O principal visado neste processo, o cofundador da Altice, Armando Pereira, estava previsto começar a ser ouvido hoje por um juiz, mas o interrogatório deverá começar apenas na quarta-feira.

Eis alguns pontos essenciais desta investigação com cerca de três anos e que aponta para suspeitas dos crimes de corrupção no setor privado, fraude fiscal, branqueamento de capitais e falsificação.

As suspeitas do Ministério Público

O Departamento Central de Investigação e Ação Penal (DCIAP) do Ministério Público (MP), em colaboração com a Autoridade Tributária (AT), lançou no dia 13 de julho uma operação com cerca de 90 buscas domiciliárias e não domiciliárias, que abrangeram instalações de empresas e escritórios de advogados em vários pontos do país, resultando em três detidos e na apreensão de documentos e viaturas de luxo avaliadas em cerca de 20 milhões de euros.

O MP entende que terá ocorrido uma “viciação do processo decisório do Grupo Altice, em sede de contratação, com práticas lesivas das próprias empresas daquele grupo e da concorrência”, que apontam para corrupção privada na forma ativa e passiva. O Estado terá também sido prejudicado com uma fraude fiscal “superior a 100 milhões de euros”.

Em causa estão ainda indícios de “aproveitamento abusivo da taxação reduzida aplicada em sede de IRC na Zona Franca da Madeira” através da domiciliação fiscal fictícia de pessoas e empresas, a que se soma a suspeita da utilização de sociedades offshore, indiciando os crimes de branqueamento e falsificação.

A influência de Armando Pereira

O cofundador da Altice Armando Pereira, que ficou detido no dia 13 na sequência das buscas, será alegadamente o líder de um esquema que, segundo o Ministério Público, terá lesado o Estado e o grupo empresarial em centenas de milhões de euros através do envolvimento de dezenas de sociedades controladas de forma indireta pelo seu homem de confiança, Hernâni Vaz Antunes.

O empresário terá utilizado a sua influência no grupo para controlar as decisões de contratação de fornecedores, que, alegadamente, passariam também a ter de contratar serviços a empresas controladas por Hernâni Vaz Antunes para conseguirem os contratos com a Altice.

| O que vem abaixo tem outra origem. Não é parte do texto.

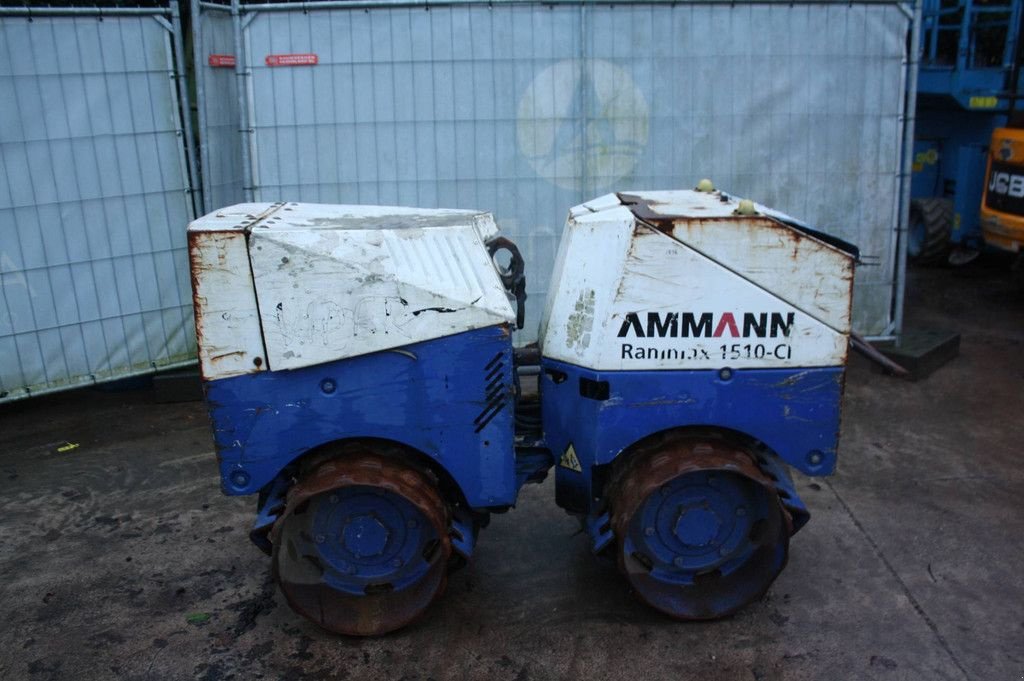 Packer & Walze от тип Ammann Rammax 1510-ci, Gebrauchtmaschine в Antwerpen (Снимка 2)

A influência de Armando Pereira terá também sido concretizada na alienação de imóveis da Altice em Lisboa, cuja venda a empresas na órbita de Hernâni Vaz Antunes terá ficado por valores bastante abaixo da posterior revenda, com mais-valias de vários milhões de euros.

Os outros arguidos

Jéssica Antunes, Álvaro Gil Loureiro e Hernâni Vaz Antunes são os outros arguidos da “Operação Picoas”. Jéssica Antunes, filha de Hernâni Vaz Antunes e apontada pelo Ministério Público como ‘testa de ferro’ do pai em diversas empresas, foi a primeira a prestar declarações perante o juiz Carlos Alexandre, no Tribunal Central de Instrução Criminal, entre sábado e segunda-feira.

O interrogatório prosseguiu com Álvaro Gil Loureiro, economista que tem ligação a diversas empresas associadas aos negócios em torno da Altice e que estão igualmente ligadas a Hernâni Vaz Antunes.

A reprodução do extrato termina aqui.